When under threat, real or imagined, hockey people have traditionally circled the wagons, closed ranks, defended past practices, and dismissed those who complain as overly sensitive outsiders who have never played the game.
That wasn’t the reaction this time. Cherry certainly had — and still has — his defenders, but there was only a minor groundswell on his behalf, and quickly the conversation around his absence died down. They’re still playing hockey games on Saturday night without him.

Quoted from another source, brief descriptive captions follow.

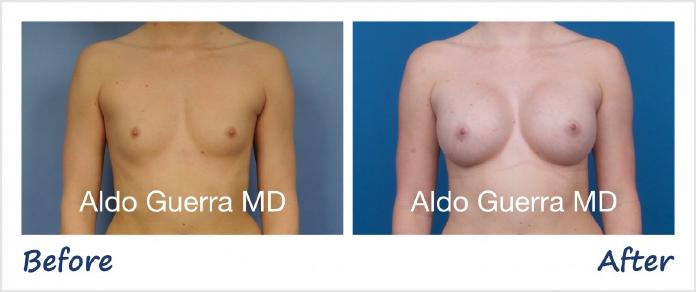Breast Augmentation Before After Photo - Case 1001188 photo 1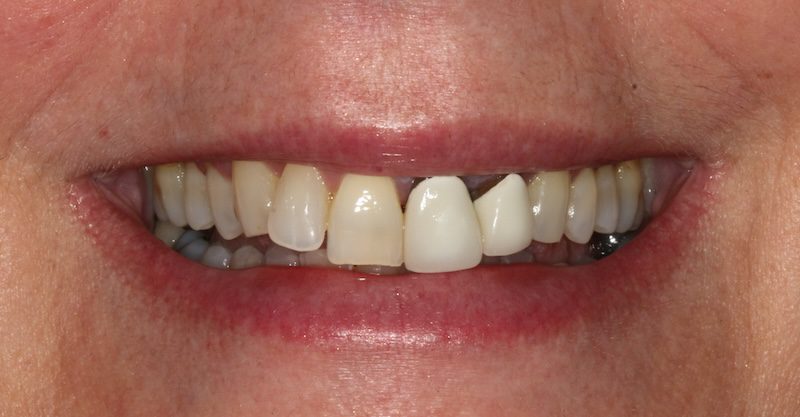Where Lasting Smiles Begin - veneers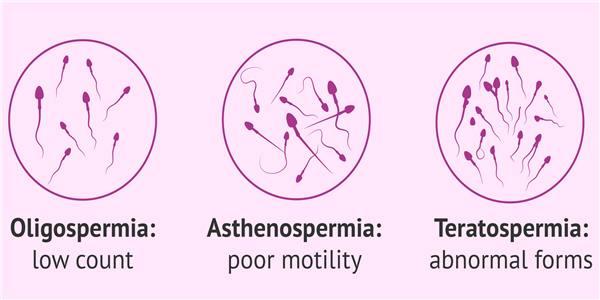 MALE INFERTILITY TERATOSPERMIA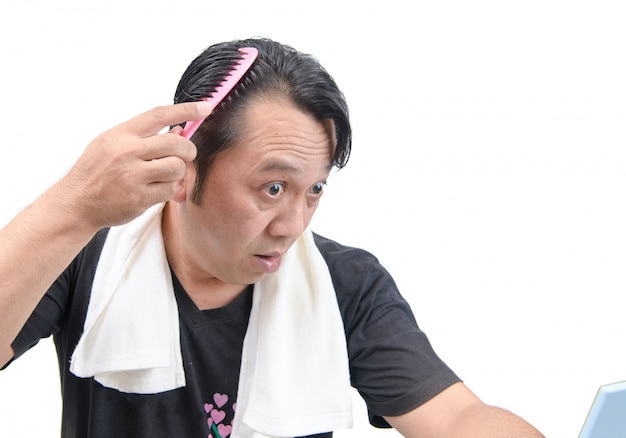 Aziatische mensenzorg over zijn geïsoleerd haarverlies of alopecia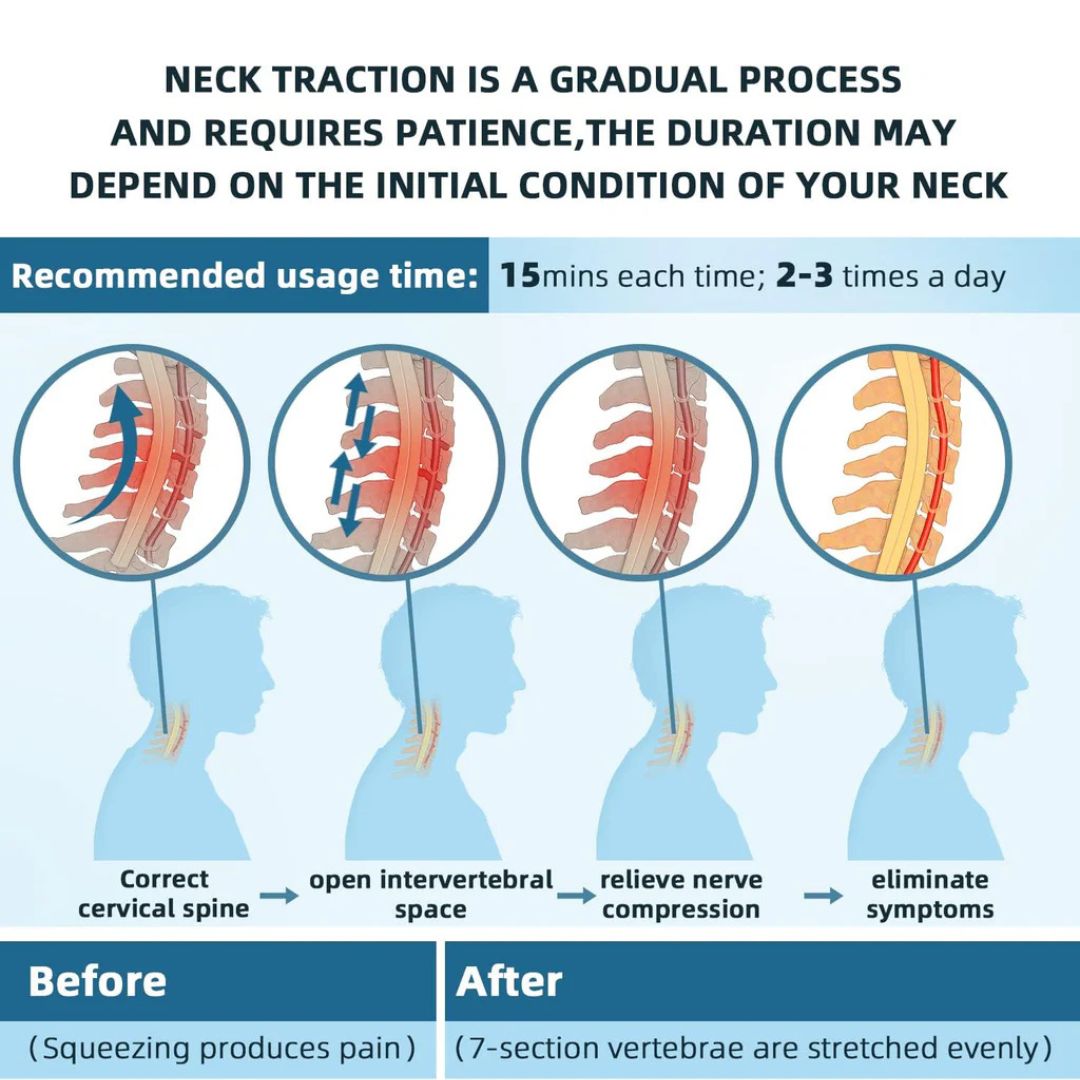 Adjustable Neck Traction Device for Cervical Pain and Tension Relief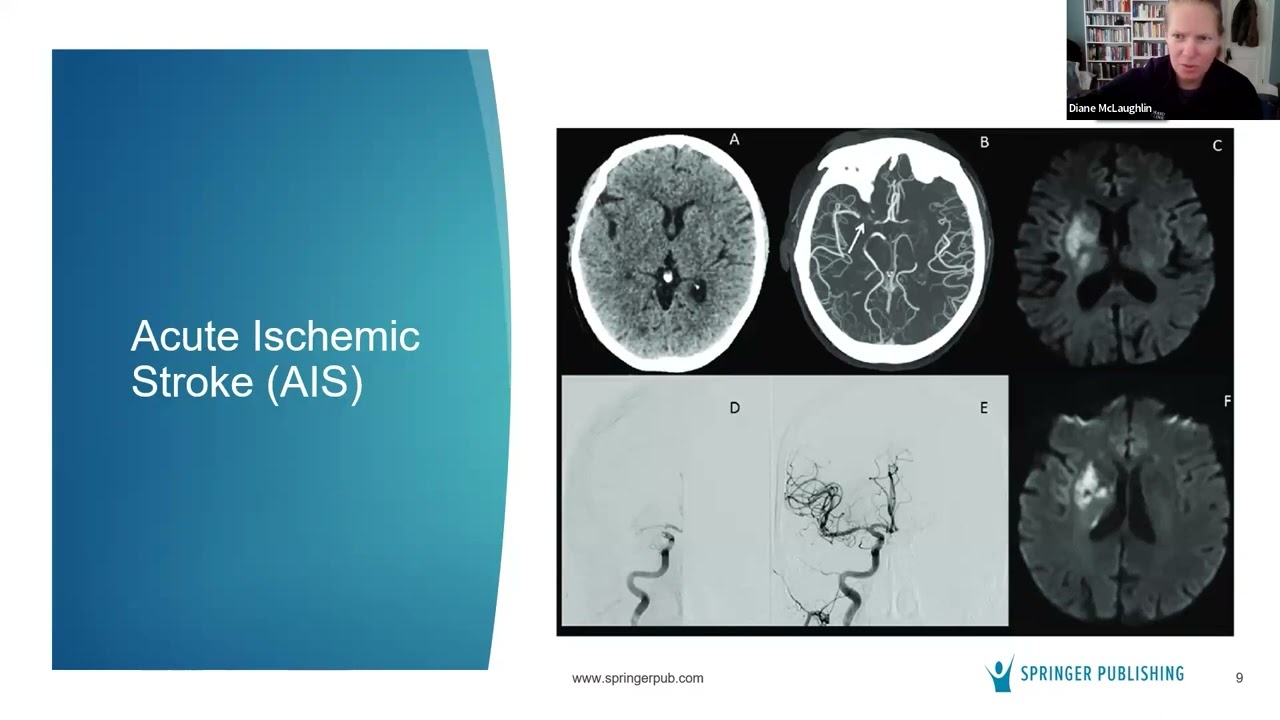 Updates in Stroke Care 2023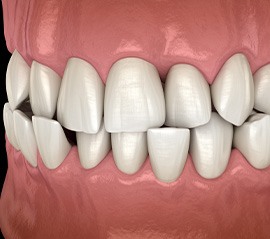 Illustration of a crossbite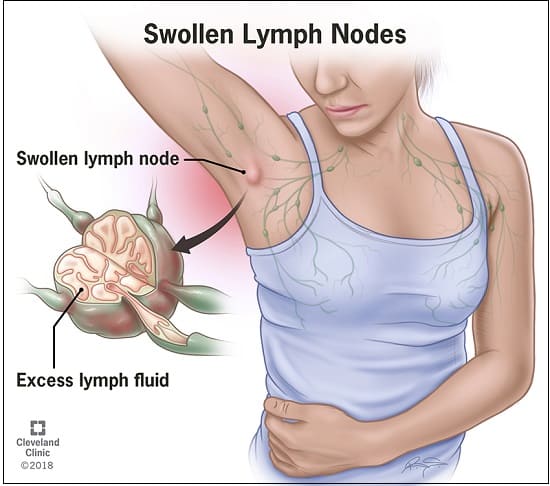 면역 체계의 모든 것 Immune System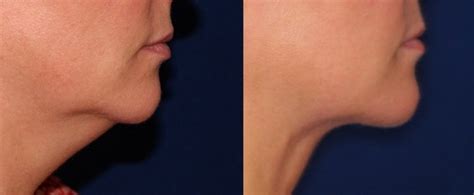 surgical jowl lift nyc dr gary jayne rothfeld board certified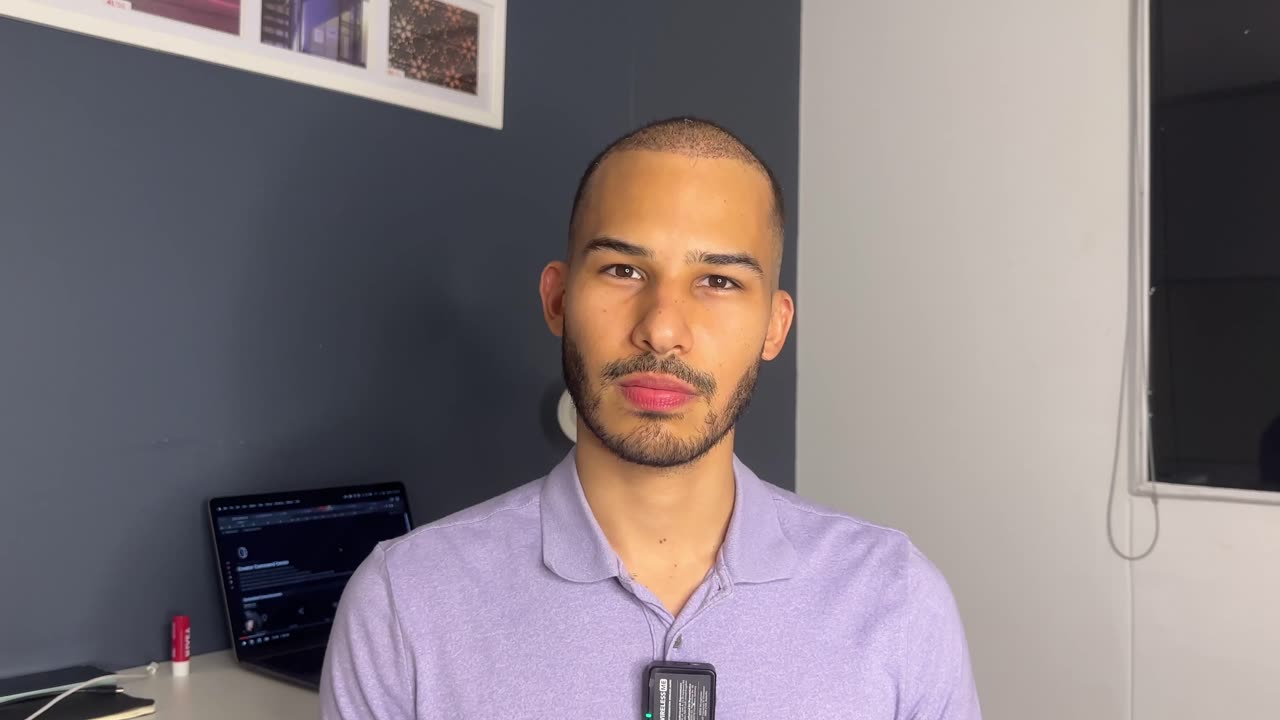 FUE Hair Transplant - 1 Month Update [Dec 3, 2023]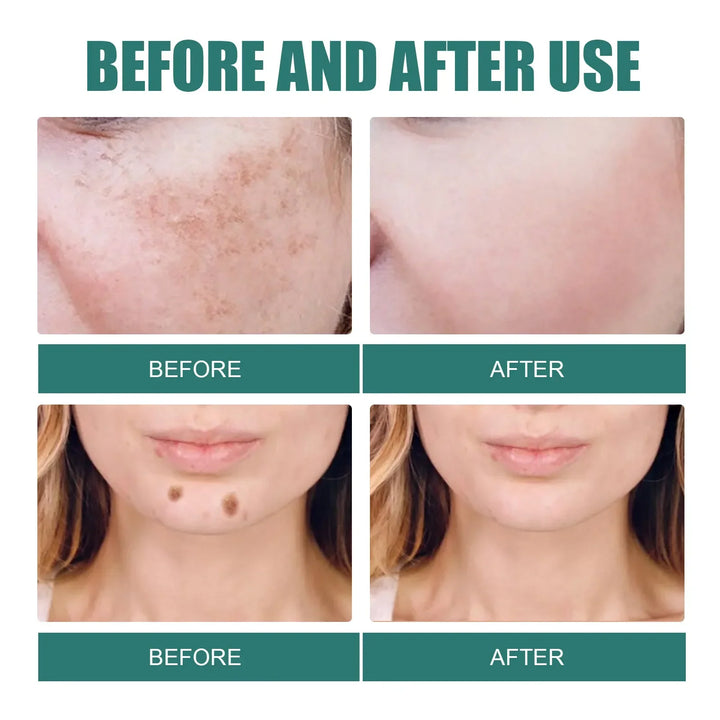 EELHOE Niacinamide Brightening Cream – Fade Melasma, Dark Spots & Fine Lines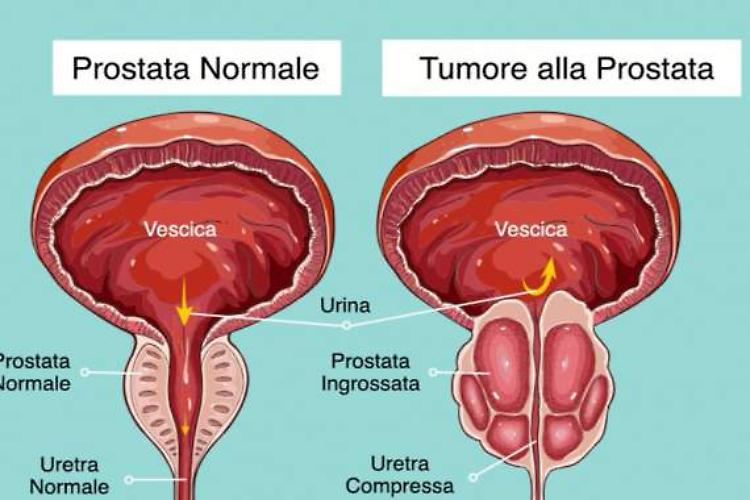 Tumore prostata, per molti pazienti basta monitoraggio attivo
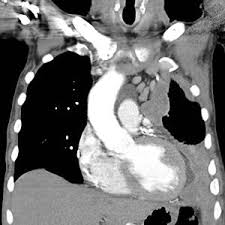 Pleural thickening is a disease that can be caused by asbestos exposure. Mesothelioma Wikipedia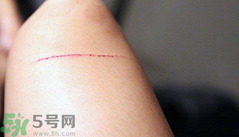 傷口脫痂后皮膚紅色怎么辦?傷口脫痂后皮膚顏色怎么恢復(fù)? 傷口脫痂后皮膚紅色怎么辦?傷口脫痂后皮膚顏色怎么恢復(fù)?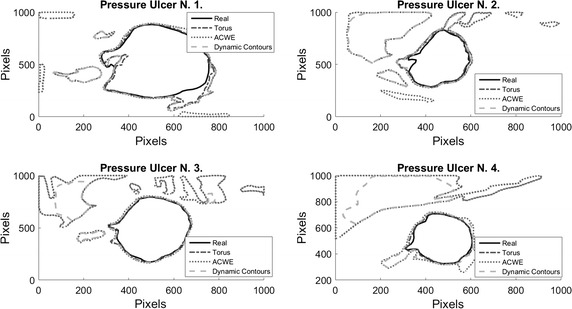 Fig. 16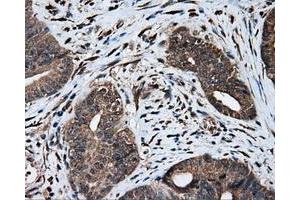 Immunohistochemical staining of paraffin-embedded Adenocarcinoma of colon tissue using anti-MTRF1L mouse monoclonal antibody.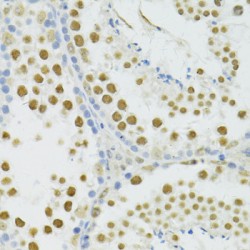 Breast Cancer Type 1 Susceptibility Protein (BRCA1) Antibody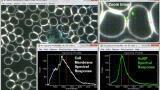 Hyperspectral Imaging of Gold Nanoparticles in Live Blood Cells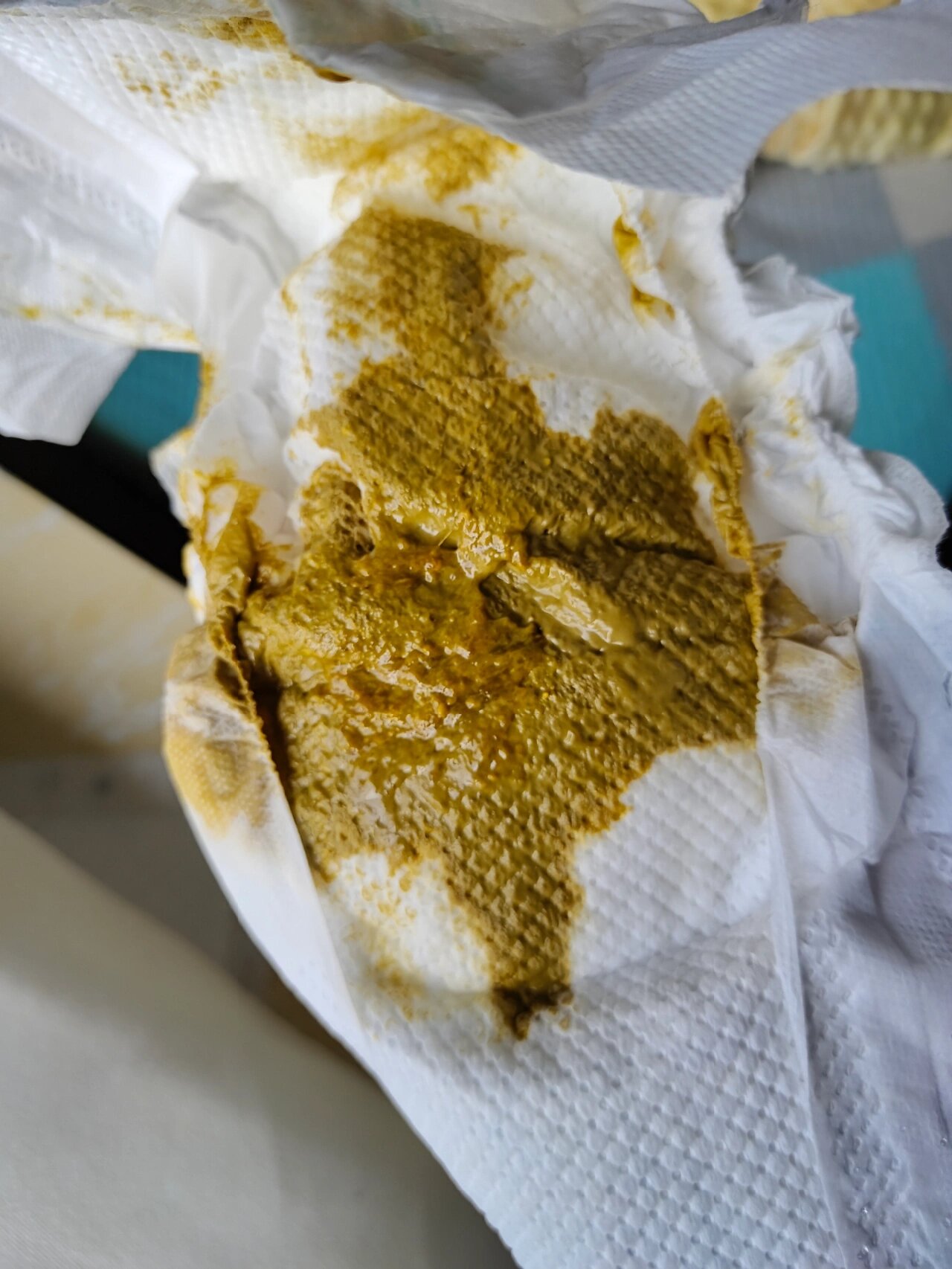 宝宝拉水状便是怎么好的?(内有大便图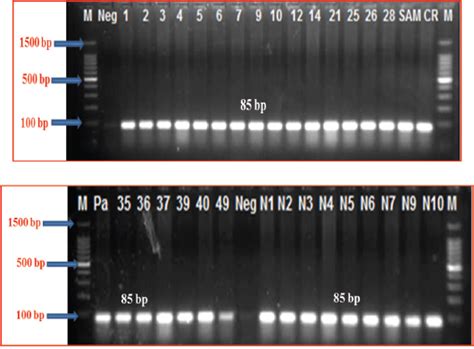 Detection of virulence genes and investigation of the immunogenicity of ...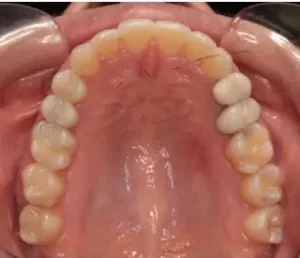 Invisalign after treatment image of upper teeth.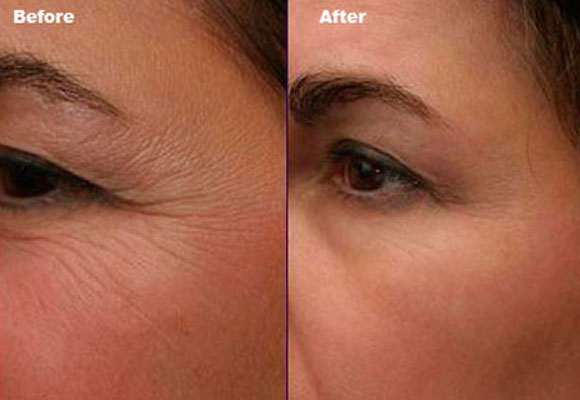 Tiêm botox đuôi mắt bao nhiêu tiền?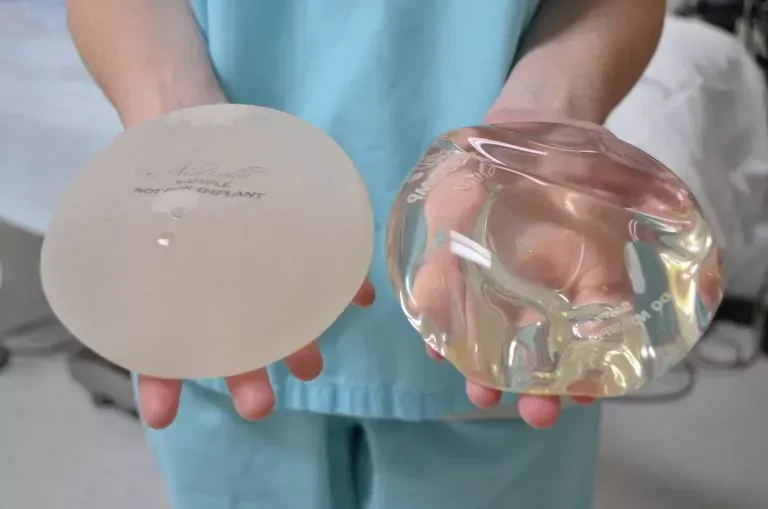 breast implant removal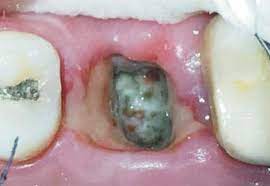Dry socket (after tooth extraction): I Accidently Poked My Wisdom Tooth Socket 8 Days After The Operation Will I Get Dry Socket I Was Using A Large Plastic Syringe My Doctor Gave Me To Rinse The Socket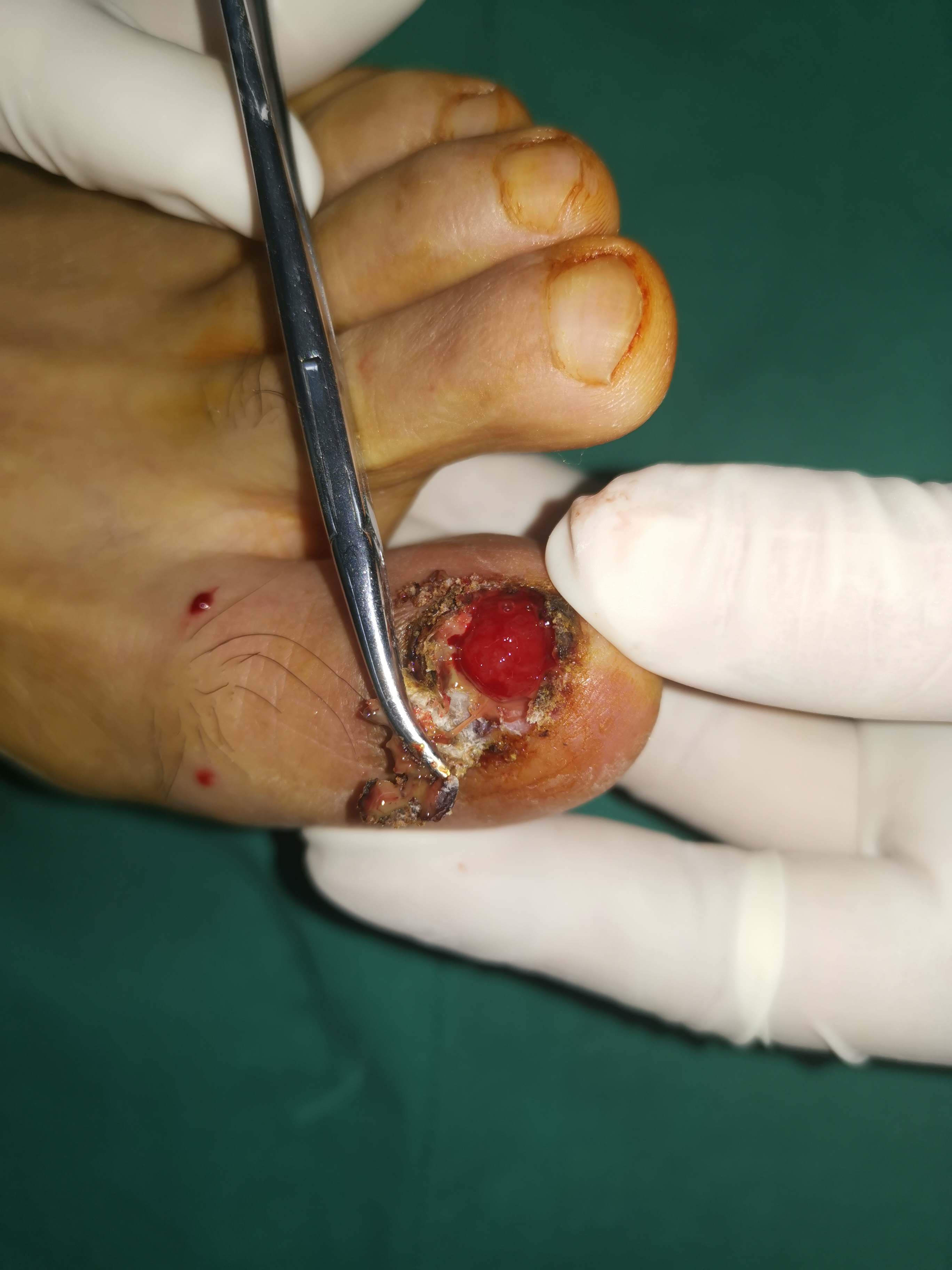 嵌甲别轻易拔甲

No one stood up to defend a coach’s right to hit or humiliate a player in the interest of winning games. No one defended racism in the dressing room as harmless fun, as boys being boys.
Babcock acknowledged that what he had done was misguided. Crawford did as well, and opened up about entering therapy to deal with the anger that emerged through his coaching.
The National Hockey League was already aware that the sport had issues with inclusiveness, and understood that anything that might suppress grassroots participation levels mattered to the overall health of the business (that’s one big reason they hired the estimable Kim Davis in 2017). Rather than hunkering down and waiting for the storm to pass, the New York office did its best to get out ahead of it, inviting Aliu for a meeting with commissioner Gary Bettman and saying all the right things.
No one in hockey will look back on the fall of 2019 fondly. But change, never mind revolution, often comes with a dollop of pain.
There may well be more uncomfortable stories to come. But players are speaking out, the sport is standing behind them, no one is saying “shut up and take it,” as was the norm in generations past.
That’s a beginning, and that’s the only path forward.